Добавить в цитаты Настройки чтения

Страница 32 из 37



— Сделаем, — сказал он, поворачиваясь к Бояну грустной половиной лица. — Нет проблем.

— Послушай, — наклонилась к Бояну Майя, — тот, кто говорил: Франс, Франс…

— Да, кажется, мы услышали часть истории о печальном конце капитана Деклозо… Я тебе рассказывал, из дневника полковника.

— А те, что прокололи нам шины…

— Это те, кто добрался до его карты.

— Ты думаешь, это опасно?

— Для тех, кто роется там, в храме Митры, полном снарядов, да. Нам нужно поскорее добраться туда и предупредить их.

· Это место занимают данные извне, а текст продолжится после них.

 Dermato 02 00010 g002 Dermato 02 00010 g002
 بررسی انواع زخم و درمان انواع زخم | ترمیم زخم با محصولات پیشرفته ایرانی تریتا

Наконец шины заклеили. Закончив работу, парень со шрамом предложил показать дорогу к Гарванице — и его тоже посадили в машину.

— Нет проблем, доедем, — сказал парень. — Поезжай сейчас налево, вот по этой дороге, что идет в гору.

Дорога была плохой — очевидно, ею много лет никто не пользовался: ливнями на проезжую часть нанесло гальку, камни, в некоторых местах из-за этого едва можно было проехать. «Рено» Бояна опасно качалось, подпрыгивало и ревело. Вокруг на склонах холмов стояли осыпающиеся скалы цвета шлака, торчащие из земли, как руины каких-то древних крепостей; между ними росли кусты можжевельника.

Боян был вынужден ехать медленно и осторожно. Дорога шла в гору. Местами она сузилась до едва проезжей колеи: с левой стороны ее ограничивал склон, с правой — овраги.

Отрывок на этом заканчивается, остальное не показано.